The boomerang was originally made for hunting and there are two ways to handle it. The first is to catch it and live to throw it again. The second is not to catch it, and face the consequences.
Boomerang employees – workers who return to old jobs – are no different (and a good deal less dangerous). The question for employers is whether to catch or not to catch: to hire again, or try their chances on fresh talent?
Employers will face this quandary more and more often. The Great Resignation saw thousands quit their jobs. But high quit rates tend to coincide with economic stability and a confidence that the pastures of employment are greener on the other side.

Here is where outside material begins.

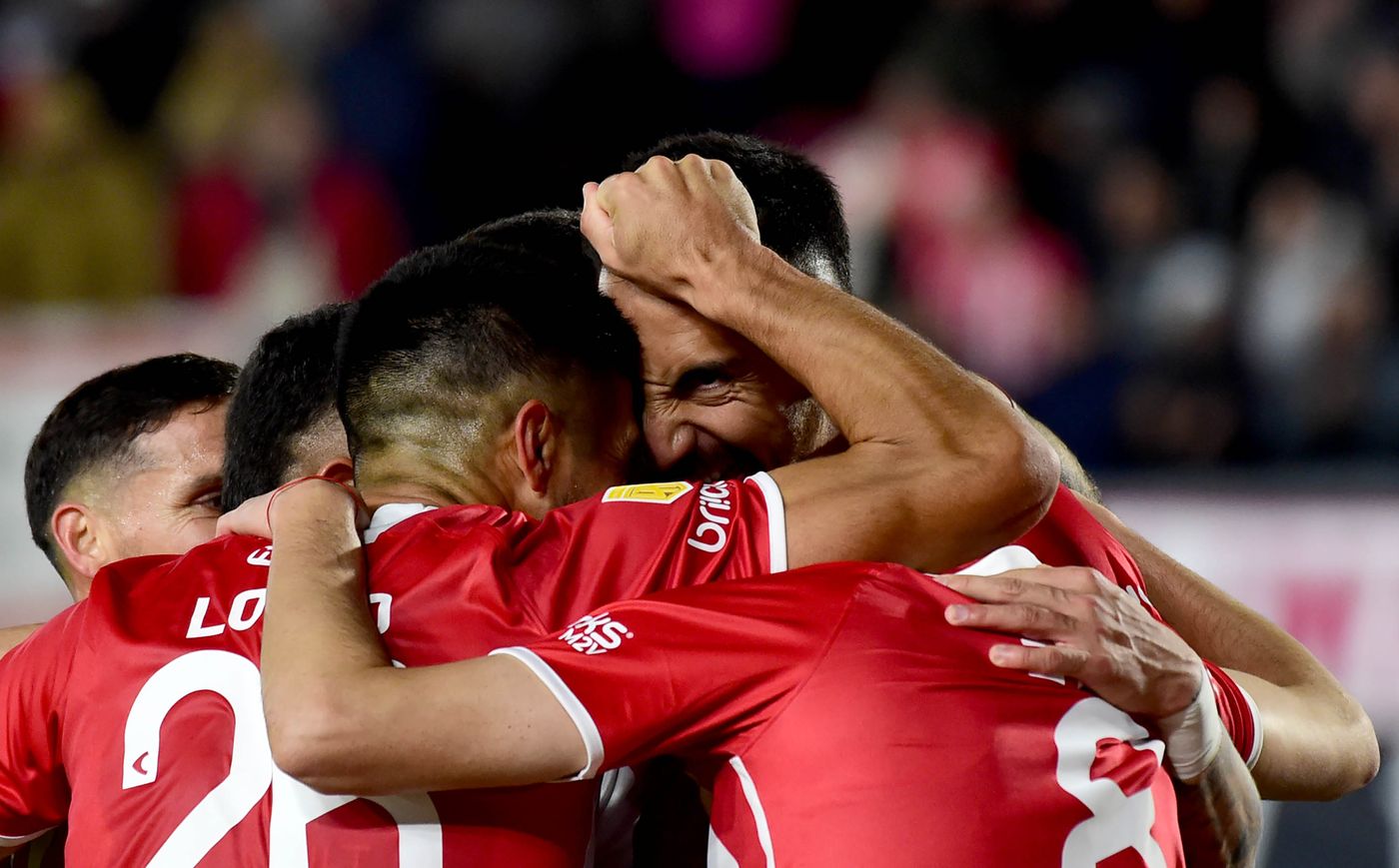 Estudiantes Riestra festejo gol.JPG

Conversely, in times of hardship people are loath to quit. During the Great Depression, the U.S. quit rate fell from two per cent to 1.3 per cent . Now that bills and inflation are soaring in Britain, the U.S. and elsewhere, it stands to reason that many who contributed to the Great Resignation won’t think it’s great for much longer. LinkedIn reports that 4.5 per cent of new recruits were boomerangs compared with 3.9 per cent in 2019.
As a renowned business transformation and HR expert, I believe that boomerang employees are a blessing in disguise. I say disguise because it’s by no means obvious why companies shouldn’t confront boomerang employees with an ungracious pose: So you came crawling back, did you? In start-ups especially, where there’s less likely to be a large, professional and well-oiled HR department, there is always the risk of resenting workers for having left in the first place.
But this is hardly helpful, and reveals a sluggish unwillingness to think outside the traditional employment box.
One immediate benefit of welcoming boomerangs back with open arms is the simple reason that it is cheaper to do so. Onboarding is costly and lengthy. According to Glassdoor research the average U.S. company spends $4,000 and 24 days in hiring a completely new worker. For boomerangs this can potentially be cut in half.
Of course, as always there’s a trade-off. Boomerangs are more likely to ask for higher pay, and companies will need to balance this expenditure with that spent on onboarding.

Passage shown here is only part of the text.